Records shown

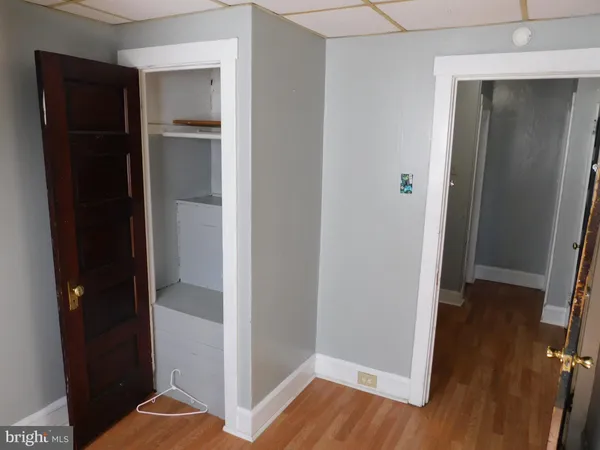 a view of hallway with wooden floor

==

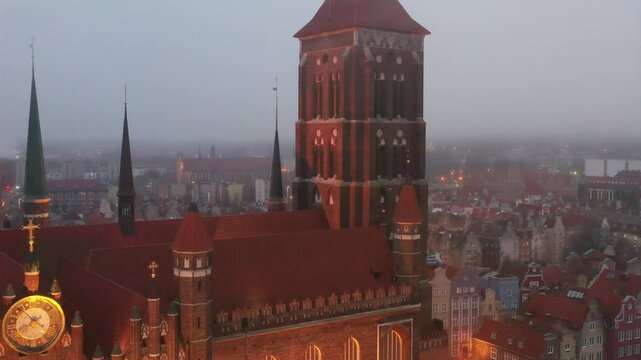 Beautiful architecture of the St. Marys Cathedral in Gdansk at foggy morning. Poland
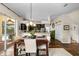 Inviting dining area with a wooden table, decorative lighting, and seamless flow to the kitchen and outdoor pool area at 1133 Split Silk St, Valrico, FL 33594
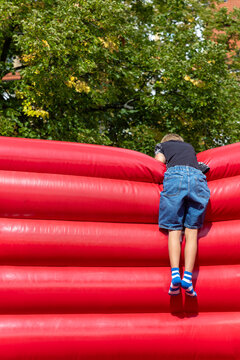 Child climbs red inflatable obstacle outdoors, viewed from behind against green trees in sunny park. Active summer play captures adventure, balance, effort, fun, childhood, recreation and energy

...

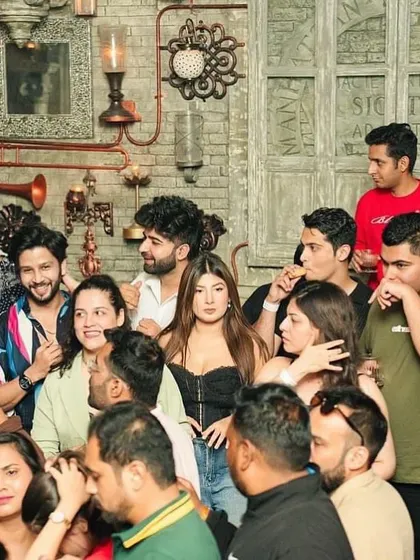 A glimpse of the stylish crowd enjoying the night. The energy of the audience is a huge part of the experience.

What you should do
In the listing above, find the line with "Inviting dining area" and output it and every line after it up to and including the line with "Child climbs red", exactly, minus the pictures.

Answer for this exercise
 Inviting dining area with a wooden table, decorative lighting, and seamless flow to the kitchen and outdoor pool area at 1133 Split Silk St, Valrico, FL 33594
 Child climbs red inflatable obstacle outdoors, viewed from behind against green trees in sunny park. Active summer play captures adventure, balance, effort, fun, childhood, recreation and energy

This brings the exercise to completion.